• Problem: Pictures are not part of the copy; repeat everything else in the records exactly.

• Data for processing:

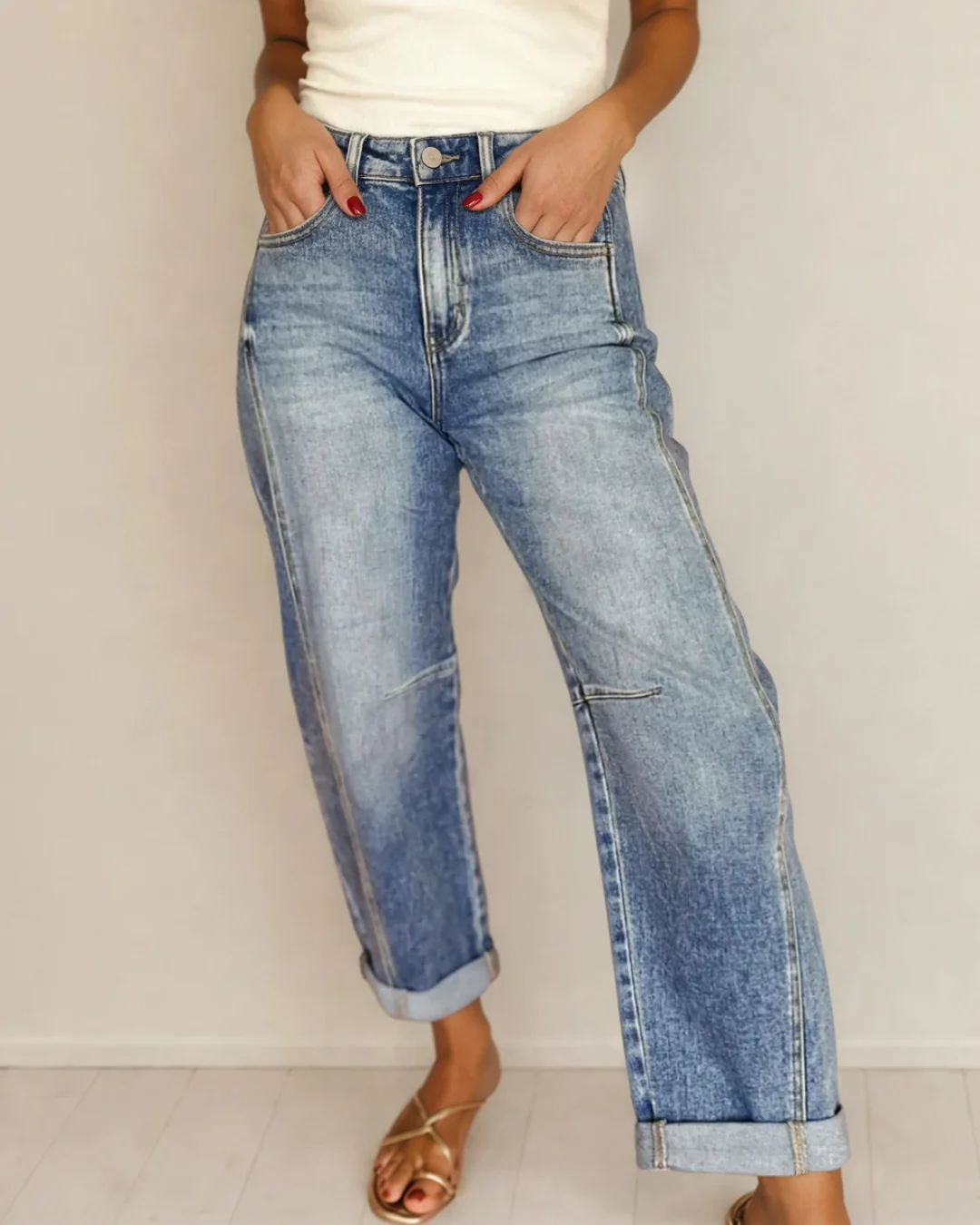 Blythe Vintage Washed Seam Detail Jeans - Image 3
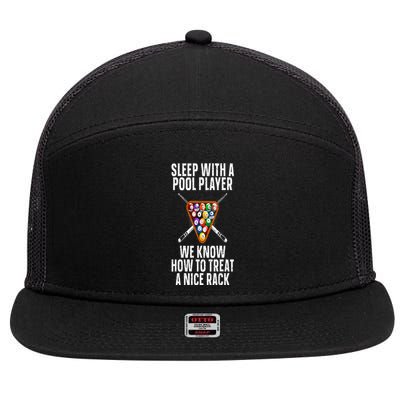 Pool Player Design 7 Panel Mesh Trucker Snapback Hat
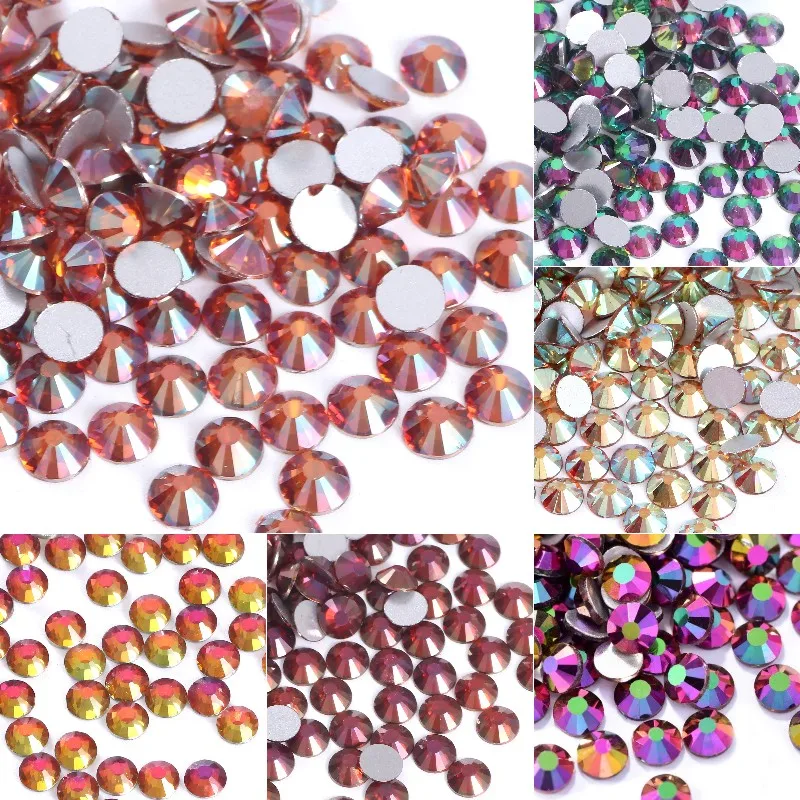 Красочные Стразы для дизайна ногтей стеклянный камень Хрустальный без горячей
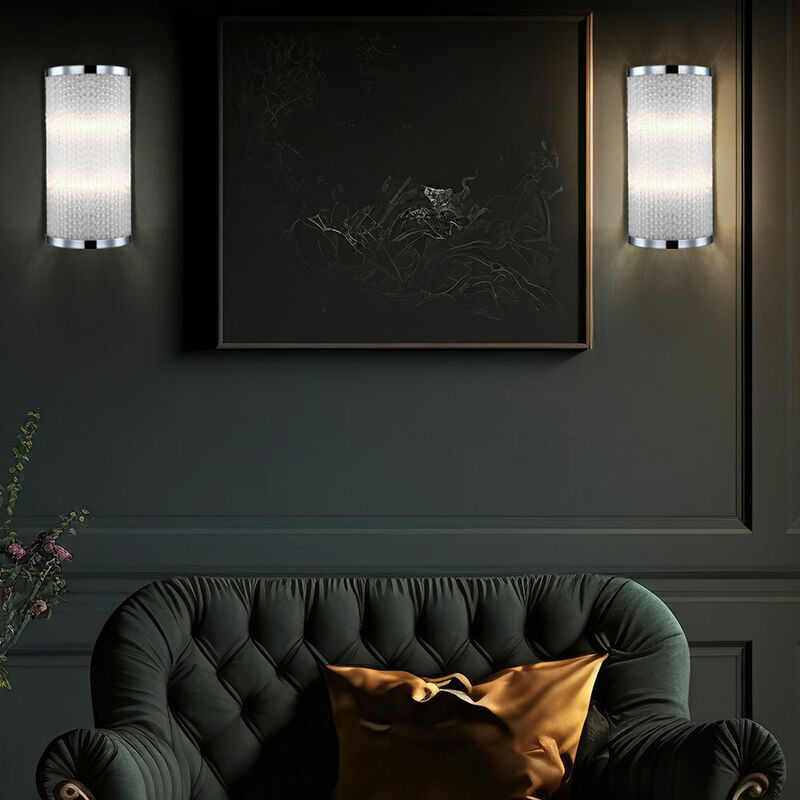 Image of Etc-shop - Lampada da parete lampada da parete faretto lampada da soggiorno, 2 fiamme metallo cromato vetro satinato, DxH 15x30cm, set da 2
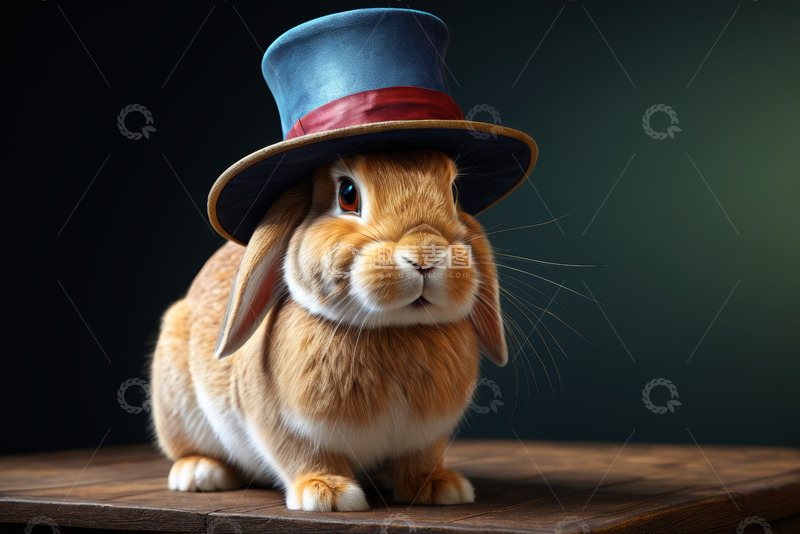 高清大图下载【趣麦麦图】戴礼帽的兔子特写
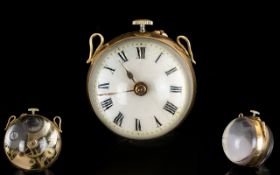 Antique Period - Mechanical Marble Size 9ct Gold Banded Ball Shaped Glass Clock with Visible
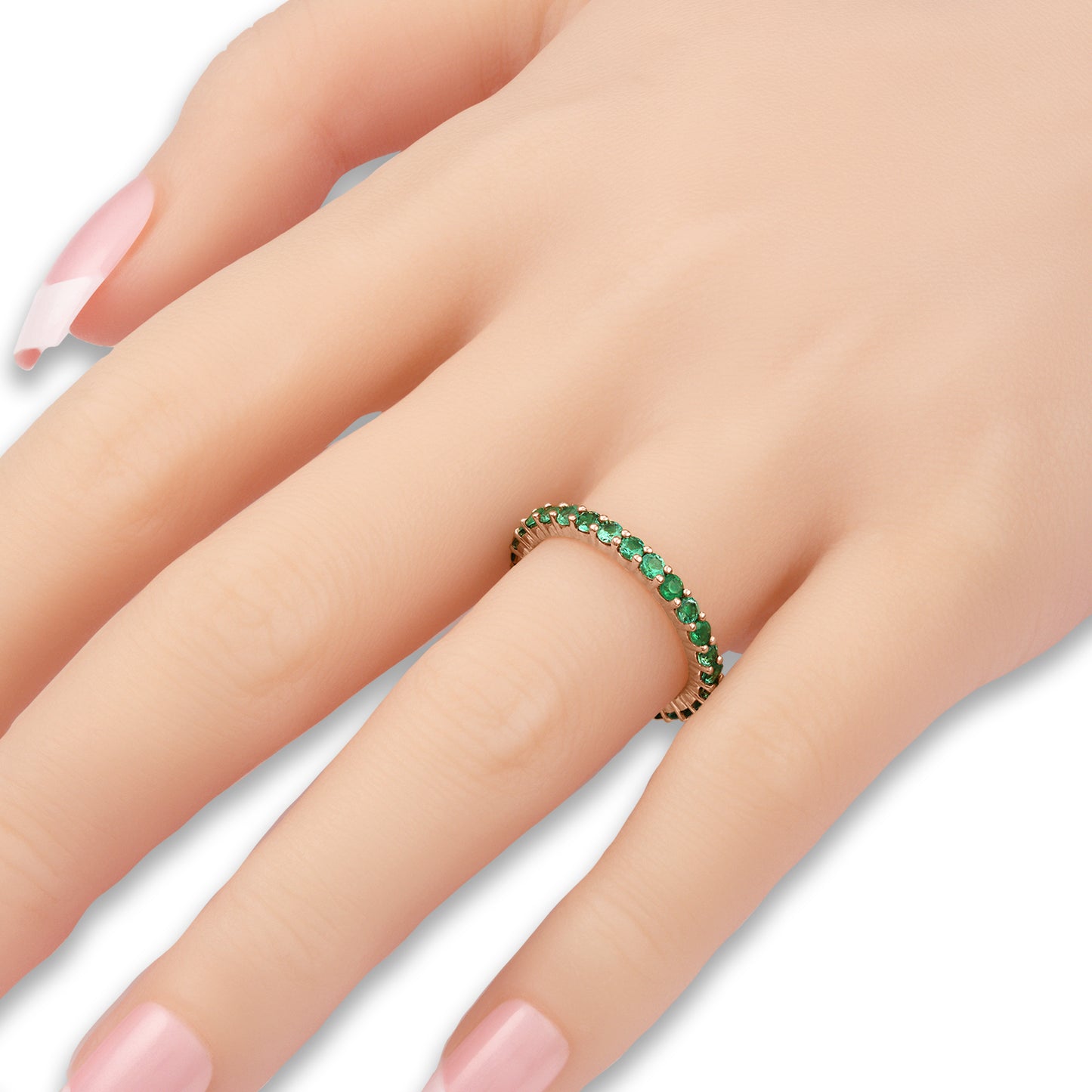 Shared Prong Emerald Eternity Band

• Result for this exercise:
 Blythe Vintage Washed Seam Detail Jeans - Image 3
 Pool Player Design 7 Panel Mesh Trucker Snapback Hat
 Красочные Стразы для дизайна ногтей стеклянный камень Хрустальный без горячей
 Image of Etc-shop - Lampada da parete lampada da parete faretto lampada da soggiorno, 2 fiamme metallo cromato vetro satinato, DxH 15x30cm, set da 2
 高清大图下载【趣麦麦图】戴礼帽的兔子特写
 Antique Period - Mechanical Marble Size 9ct Gold Banded Ball Shaped Glass Clock with Visible
 Shared Prong Emerald Eternity Band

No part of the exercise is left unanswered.